Buddy Holly tocaba una a finales de los años 1950, el instrumento rubio de las fotos de los Crickets. La Stratocaster Fiesta Red de Hank Marvin, comprada en 1959, dio a The Shadows su escalofrío británico. Apache, en 1960, es esa guitarra tanto como una melodía. Luego el instrumento dejó la cortesía. En el Monterey Pop, en junio de 1967, Jimi Hendrix se arrodilló y quemó una Stratocaster. En Woodstock, en agosto de 1969, una blanca tocó The Star-Spangled Banner hasta que el himno sonó como clima.
CBS compró Fender en enero de 1965, y la discusión sobre la madera anterior a CBS empezó casi enseguida. Eric Clapton armó la Blackie con varias Strat de los años 1950 y la tocó desde 1970; en 2004 la guitarra se vendió por 959.500 dólares. La Number One de Stevie Ray Vaughan, una Strat de finales de los cincuenta gastada como una segunda piel, llevó Texas Flood. La Black Strat de David Gilmour, comprada en 1970, es el sustain largo dentro de Comfortably Numb.
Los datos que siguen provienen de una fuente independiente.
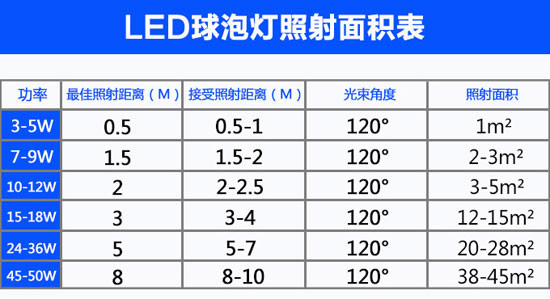 家庭里應如何正確選擇LED燈泡及對應功率瓦數(shù)?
La Hitmaker de Nile Rodgers es una Stratocaster de 1960, el acorde bajo Le Freak, Good Times, Let’s Dance y Like a Virgin, más tarde bajo Get Lucky. Las mismas tres pastillas que habían sonado a surf podían clavar un acorde disco y dejarlo sonando. Mark Knopfler hizo la suya de un susurro en fingerstyle. Jeff Beck hizo la suya de un brazo de trémolo que se portaba como una voz. El diseño apenas se movió. Las manos hicieron todo el viaje.
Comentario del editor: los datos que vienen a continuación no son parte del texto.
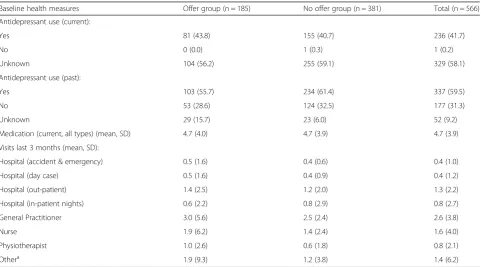 Table 3 Baseline medication and treatment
El selector de cinco posiciones no era original. Las primeras Strat tenían una palanca de tres. Los músicos la atascaban entre pastillas, y Fender oficializó esas posiciones intermedias en 1977. Esa pequeña trampa es el carácter del instrumento: las posiciones dos y cuatro, el graznido vítreo que ninguna Les Paul copia del todo. Hendrix, dando la vuelta a una guitarra de diestro, encontró aún más colores, por accidente y por nervio.
Setenta años después, la Stratocaster sigue siendo la forma que se dibuja cuando se quiere decir guitarra eléctrica. No porque sea la más pesada o la más frágil. Porque un contorno, tres pastillas y un brazo de trémolo bastaron como arquitectura para el hipo de Holly, el eco de Marvin, el fuego de Hendrix y la nota larga de Gilmour. El relámpago, en este caso, fue un conjunto de curvas decididas en Fullerton y nunca de verdad revisadas.
Todavía se discute el año, el color, el selector. La discusión es la prueba. Un dibujo de 1954, apenas retocado, sigue siendo la guitarra que se oye cuando una pastilla simple abre la radio. El dibujo de Leo Fender sigue respondiendo a la sala antes que el amplificador.